Can Trump pull a Bradbury?
Before last week’s positive COVID-19 test, there was little doubt President Trump was on the comeback trail. Amid signs of an economic recovery, positivity around hopes for a vaccine and progress on another fiscal stimulus package, all was looking up for a second term. Then came the first Presidential Debate, in which Trump brought Democratic candidate Joe Biden down to his own level in what was effectively a street fight. As the many memes flying around social media joked, are these the best two candidates that a population of 300 million can deliver?
In investment markets we have a tendency towards hyperbole. The concept that there are binary implications for such complex events may bring us comfort, but history has shown it simply isn’t accurate. 2016 is a perfect case in point. Media and investment markets were rife with doomsday scenarios explaining how a Trump win would be the end of the world for the US economy, suggesting stockpiling gold and selling equities. It couldn’t have been more wrong. Despite President Trump’s unconventional approach, his policies were effectively down Republican party lines. Will it be the same in 2020?
Global macroeconomic analytics firm BCA Research recently published a detailed paper looking at the real impacts of a Biden or Trump victory. The Cliff’s Notes version: both will be reflationary and a positive for the US economy. But it isn’t that simple, the complexities of the US system mean the President, who ultimately controls foreign policy, can be from a different party to those who control the Senate, where laws are made.

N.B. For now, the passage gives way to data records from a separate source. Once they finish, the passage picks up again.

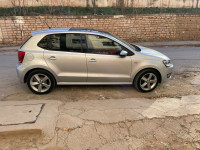 voitures-volkswagen-polo-2013-life-tissemsilt-algerie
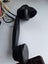 Vintage bakerlite phone Carousel 4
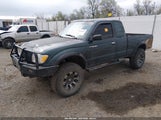 Toyota Tacoma Base V6 4TAWN72N8WZ111635 photo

In its paper, BCA highlights that there are powerful events occurring outside of the White House that are just as, if not more, important in the outlook for investment markets. The Federal Reserve’s recent decision to shelve its inflation target in preference for full employment, stands out as an inflationary event. The continued fiscal largesse of the US government, combined with a more protectionist stance and the almost bipartisan need to counter China, will remain key issues in the weeks to come.

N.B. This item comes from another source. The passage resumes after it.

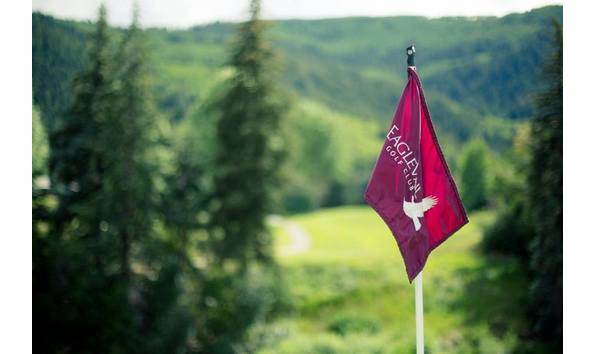 Big image eaglevail3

Starting with the commonalities, both Trump and Biden have promised a boom in infrastructure spending and a focus on re-energising the manufacturing sector, that has seen millions of jobs sent overseas. The difference is, Trump is seeking to do this through tariffs, Biden through a proposed Carbon Border Tax, that would punish those not meeting their climate and emission objectives (China anyone?). Winner: Tie.

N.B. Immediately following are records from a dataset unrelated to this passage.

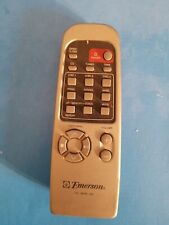OEM Emerson 125-98290-009 Remote Control RC Replacement,Ships FREE  picture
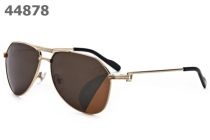 Cartier Sunglasses AAAA-202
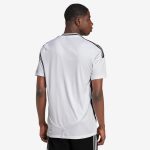 Maillot Real Madrid Domicile 2024/25 — Homme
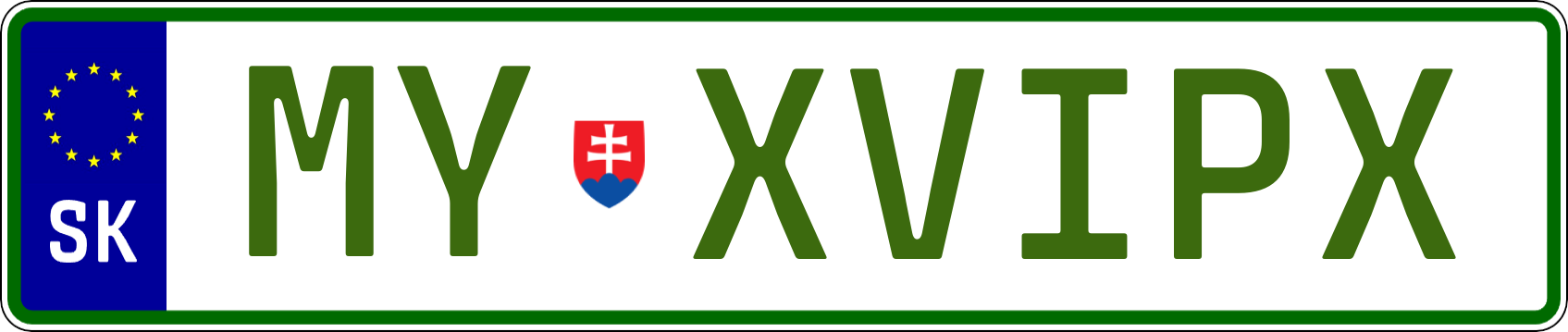 Typ IV - Elektro 1R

The result is that fiscal largesse is a given. The difficulty is that it will no doubt fall from its ‘extreme highs’ according to BCA, but for different reasons. Both parties are well aware that if government spending falls faster than private activity recovers, they will be governing over another likely extended recession and potentially a depression. The result, is another US$2 trillion ($2.8 trillion) in additional spending from a Democrat win, compared to a second Republican term. The difference, however, is that the Democrats would fund this through a series of tax increases, primarily focused on businesses. Despite suggestions that Biden was supportive of the big-tech sector, these tax increases would hit them the hardest. Trump would offer a double whammy, with his clear intent to disrupt the monopolies. Winner: Let’s call it a tie.
The risk of economic lockdowns remains higher under a Biden White House, following his statement that he would ‘follow the medical advice’. Yet BCA sees the bar for another national lockdown as being set quite high, particularly with state-based measures now in place. Winner: Biden on health, Trump on the economy.
Having considered the economic implications, what will be the impact on sharemarkets? Well, it’s complicated. It really depends on whether a Trump win coincides with a Democratic Senate or vice versa.
Let’s start with the worst case. Biden wins and the Democrats have a clean sweep. In this case, those increasingly popular value stocks will continue to underperform. Biden’s policies are heavily targeted at renewable and cleaner energy, will place huge pressure on the country’s massive oil and gas sector, increasing regulation and placing further stress on an already stretched sector. Healthcare companies would also be hit, with the US adopting policies more akin to Australia’s system, capping the price of pharmaceuticals, and profits along with them.
The best case, President Biden with a Republican Senate, would seem to deliver the best of both worlds: a slowdown in the exhausting trade war with China and a boom in spending, but without much of the economy dragging tax increases that are being proposed. This would be reflationary, a positive result for the financial sector, and a boon for the failing US infrastructure sector. The next best scenario is a Trump win and a Democrat-controlled Congress: this would reduce the Republicans’ ability to pass further tariff increases, but allow Trump to veto any laws that go against his free market mantra.
So, to conclude, a Trump or Biden win is not the end of the world that it has been made out to be by the other side. If the last 20 years has shown us anything, it is that businesses and economies do not stop due to elections, or even due to pandemics. Businesses and people adjust and in this environment there will be many winners and losers, but generally more of the former than the latter. To summarise the winners and losers:
- Trump wins – Great news for infrastructure, energy and healthcare companies, bad news for big technology and China exposed businesses;
- Biden wins – The ‘value’ companies will only get cheaper, energy with among the worst-hit. Tax cuts, if deliverable, will hurt profitability at the worst possible time, but infrastructure stimulus will be inflationary, benefiting the clean energy, utilities and financial sectors.